## YOUR TASK
The whole listing needs to be restated word for word.

## PROVIDED MATERIAL
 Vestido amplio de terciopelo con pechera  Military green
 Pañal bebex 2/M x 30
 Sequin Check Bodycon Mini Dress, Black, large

## TASK ANSWER
 Vestido amplio de terciopelo con pechera  Military green
 Pañal bebex 2/M x 30
 Sequin Check Bodycon Mini Dress, Black, large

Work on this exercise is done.